*About this task:*
Could you write out every record below exactly, leaving the pictures out?

*** Opening of Supplied entries ***

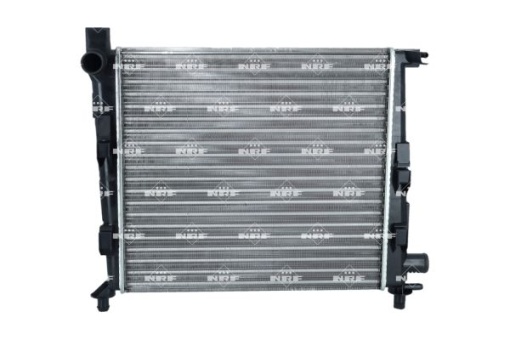 Radiator motor potrivit MERCEDES A (W168) 1.4/1.6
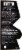 Wet n Wild Breakup Proof Skinng Waterproof Ultra Black Liquid Eyeliner Perspective: back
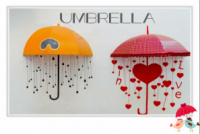 Магазин аксесуарів «Umbrella»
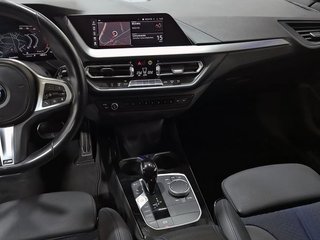 BMW Serie 1 116d Corporate Auto.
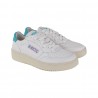 SNEAKERS BACK 70 SLAM6D MILK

*** Close of Supplied entries ***

*Your solution:*
 Radiator motor potrivit MERCEDES A (W168) 1.4/1.6
 Wet n Wild Breakup Proof Skinng Waterproof Ultra Black Liquid Eyeliner Perspective: back
 Магазин аксесуарів «Umbrella»
 BMW Serie 1 116d Corporate Auto.
 SNEAKERS BACK 70 SLAM6D MILK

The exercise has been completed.